## INSTRUCTIONS FOR THE TASK
The answer must be an exact copy of the records, with no pictures in it.

#### MATERIAL SHOWN ####

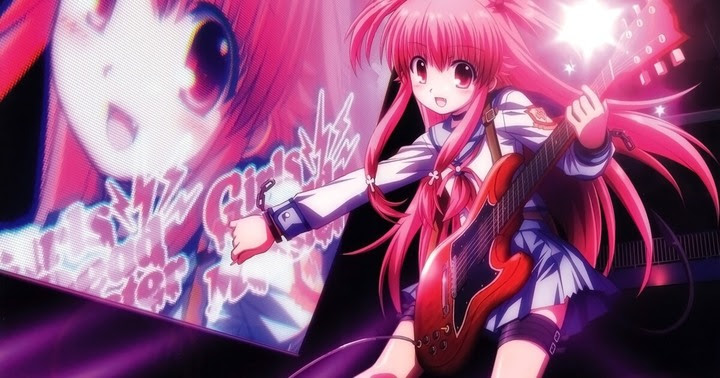 Angel Beats ユイ ガルデモ ゆい の名言 セリフ集 心に残る言葉の力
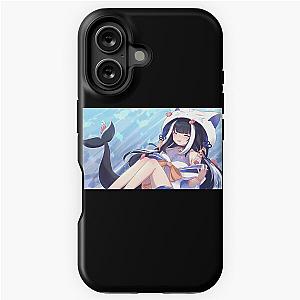 Smiling iPhone Case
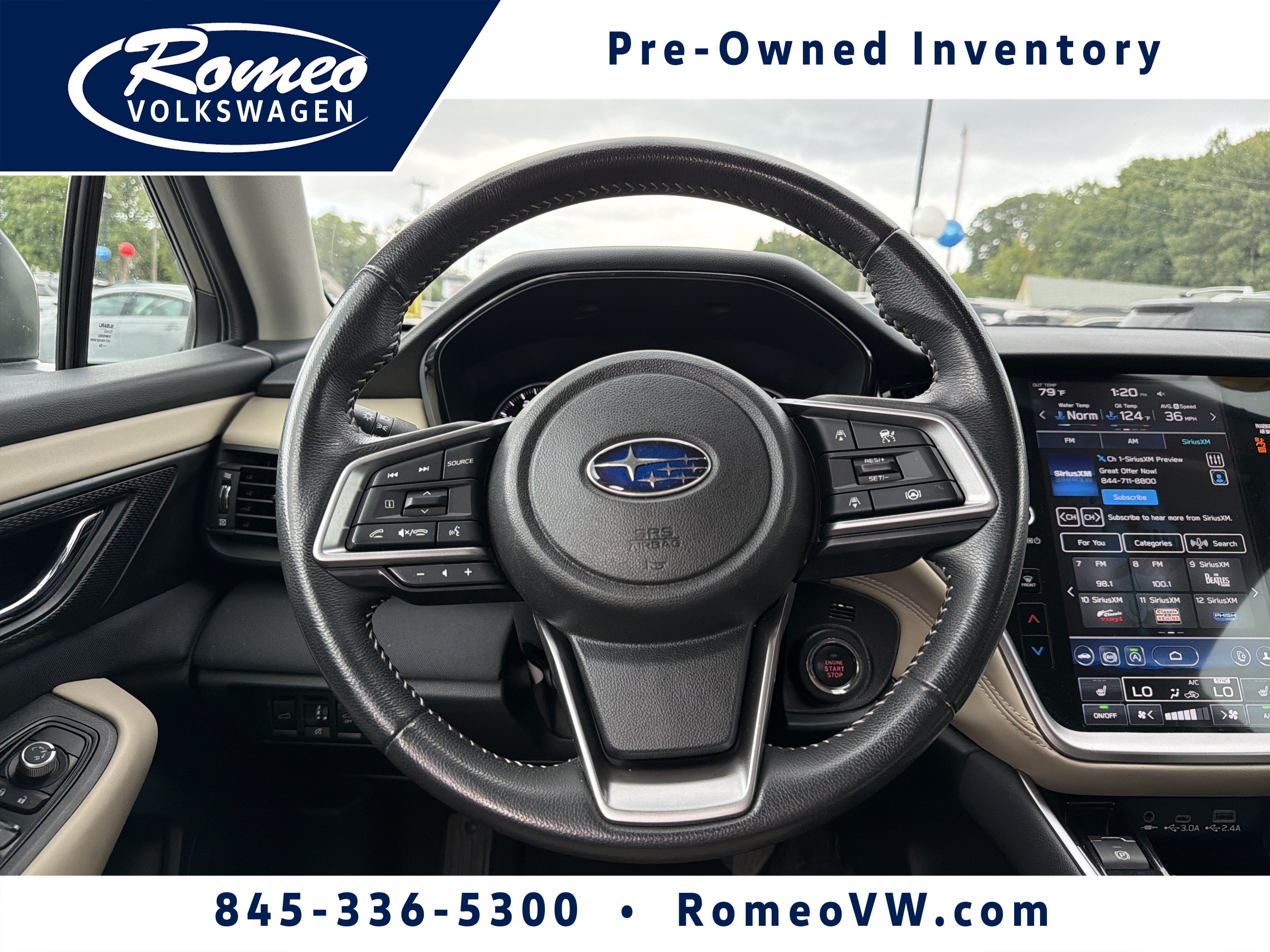 2025 Subaru Outback Premium
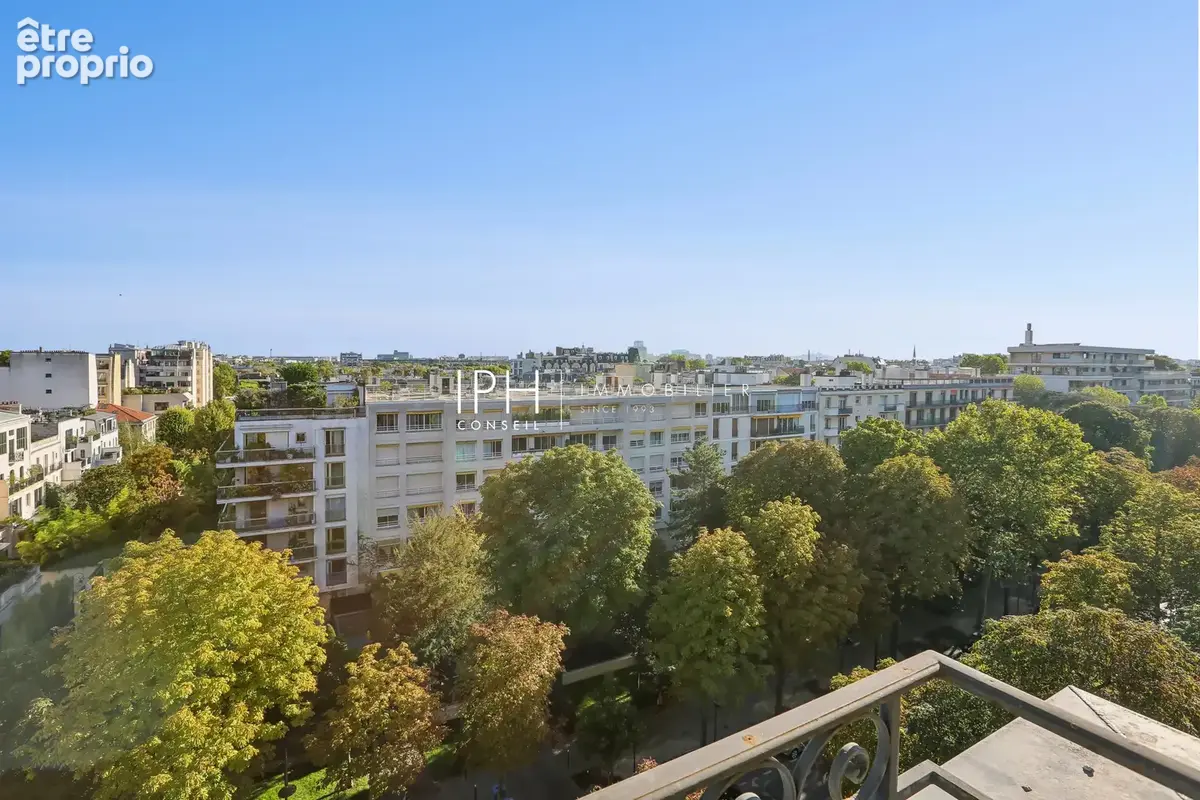 Neuilly – mairie – emplacement privilégié et vue panoramique - photo 5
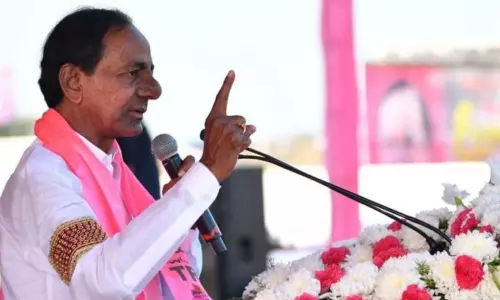 CM KCR Tour in Nagarjuna Sagar Today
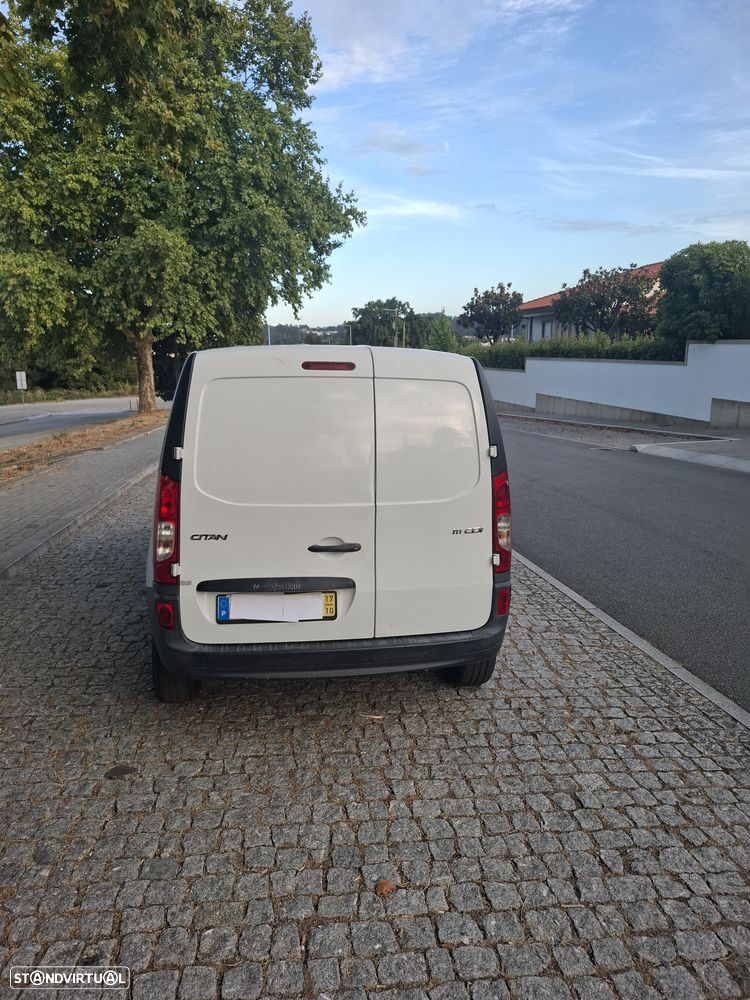 Mercedes-Benz Citan 111 CDi/31 Longo - 6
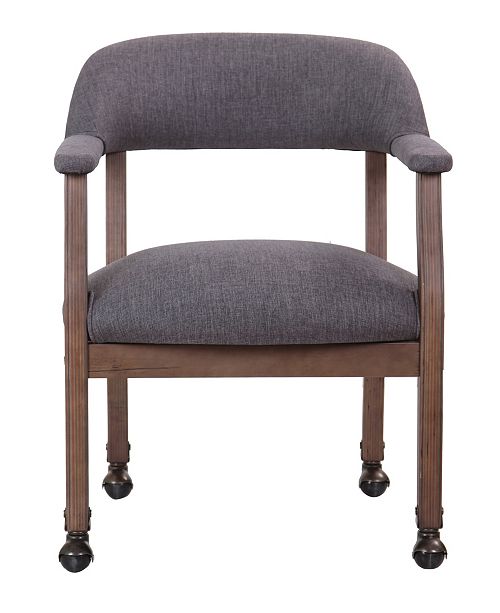 Boss Office Products Modern Captain S Chair W Casters Reviews Home Macy S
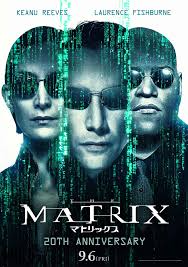 The Matrix 4作品4K＆Blu-ray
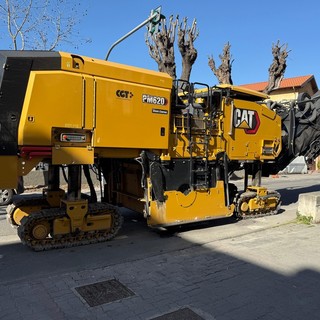 Ventimiglia, al via nuovi asfalti: il Comune investe 180mila euro Ventimiglia, al via nuovi asfalti: il Comune investe 180mila euro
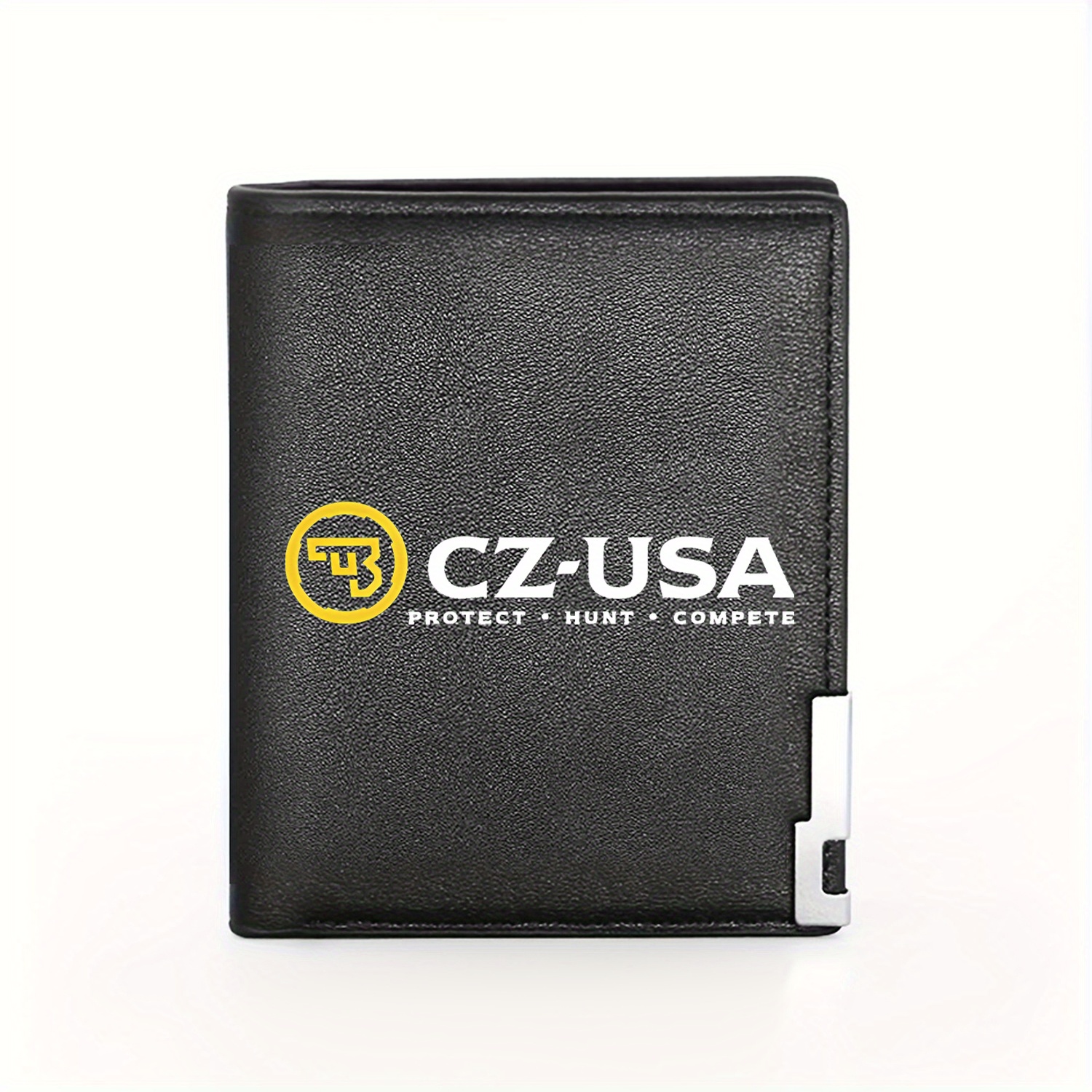 Sports Equipment Logo - CZ-USA: Protect,Hunt,Compete. Firearms Brand Logo. Shooting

####

## ANSWER SPACE
 Angel Beats ユイ ガルデモ ゆい の名言 セリフ集 心に残る言葉の力
 Smiling iPhone Case
 2025 Subaru Outback Premium
 Neuilly – mairie – emplacement privilégié et vue panoramique - photo 5
 CM KCR Tour in Nagarjuna Sagar Today
 Mercedes-Benz Citan 111 CDi/31 Longo - 6
 Boss Office Products Modern Captain S Chair W Casters Reviews Home Macy S
 The Matrix 4作品4K＆Blu-ray
 Ventimiglia, al via nuovi asfalti: il Comune investe 180mila euro Ventimiglia, al via nuovi asfalti: il Comune investe 180mila euro
 Sports Equipment Logo - CZ-USA: Protect,Hunt,Compete. Firearms Brand Logo. Shooting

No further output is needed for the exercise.